Dataset excerpt
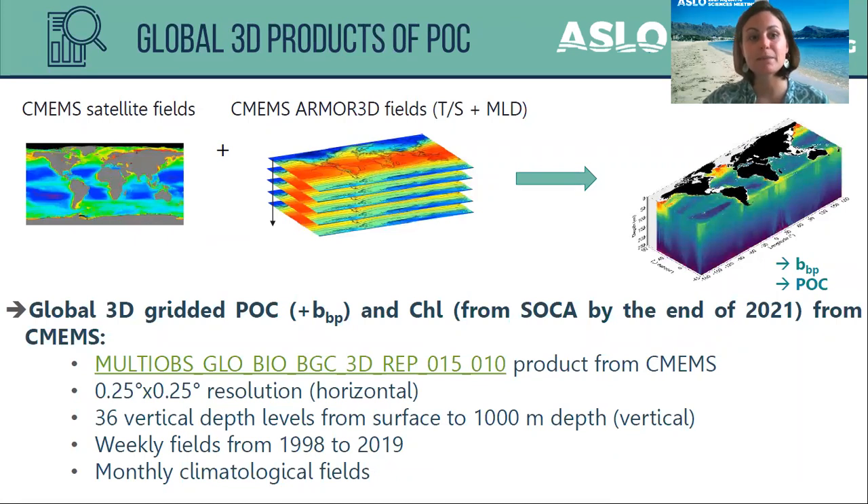Using CMEMS satellite fields merged with CMEMS ARMOR 3D fields of temperature and salinity, we can estimate three-dimensional — and four-dimensional with time — fields of BBP and POC. These global 3D gridded POC and BBP products are now available from CMEMS online. The products have 0.25-degree horizontal resolution, 36 vertical depth levels from the surface to 1000 meters, and are available as weekly fields from 1998 to 2019, as well as monthly climatological fields.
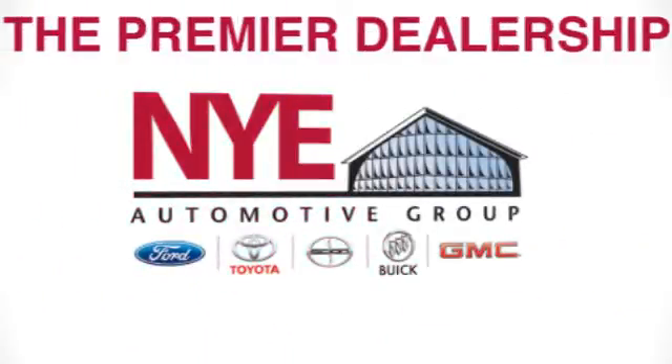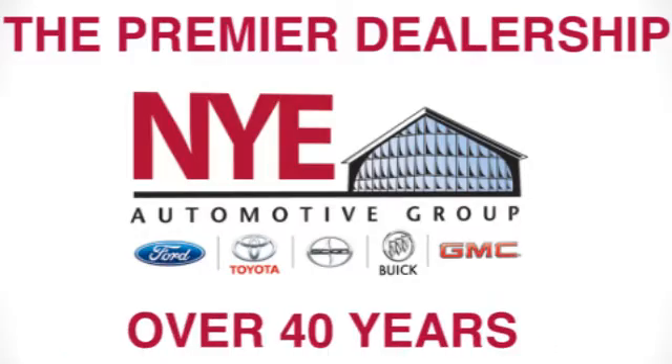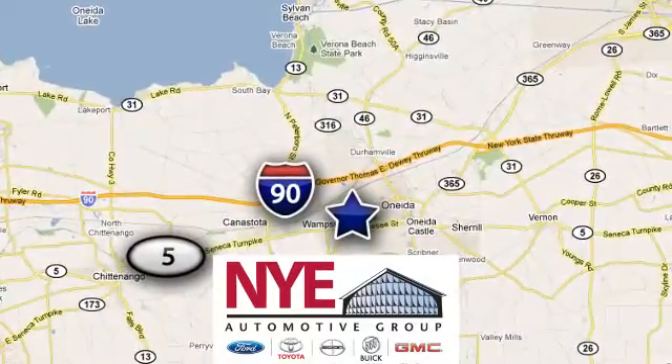The Nye Automotive Group has been the premier dealership in Oneida for vehicle sales and service for over 40 years. We are conveniently located on Route 5 in Oneida.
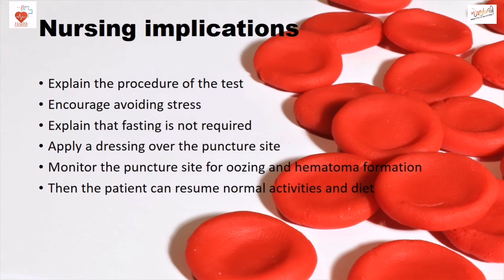Nursing implications: Explain the procedure of the test to the patient. Encourage avoiding stress. Explain that fasting is not required. Apply a dressing over the puncture site. Monitor the puncture site for oozing and hematoma formation. The patient can then resume normal activities and diet.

Problem description
Your task is to repeat the listing exactly while omitting its pictures.

Your solution
Using CMEMS satellite fields merged with CMEMS ARMOR 3D fields of temperature and salinity, we can estimate three-dimensional — and four-dimensional with time — fields of BBP and POC. These global 3D gridded POC and BBP products are now available from CMEMS online. The products have 0.25-degree horizontal resolution, 36 vertical depth levels from the surface to 1000 meters, and are available as weekly fields from 1998 to 2019, as well as monthly climatological fields.
The Nye Automotive Group has been the premier dealership in Oneida for vehicle sales and service for over 40 years. We are conveniently located on Route 5 in Oneida.
Nursing implications: Explain the procedure of the test to the patient. Encourage avoiding stress. Explain that fasting is not required. Apply a dressing over the puncture site. Monitor the puncture site for oozing and hematoma formation. The patient can then resume normal activities and diet.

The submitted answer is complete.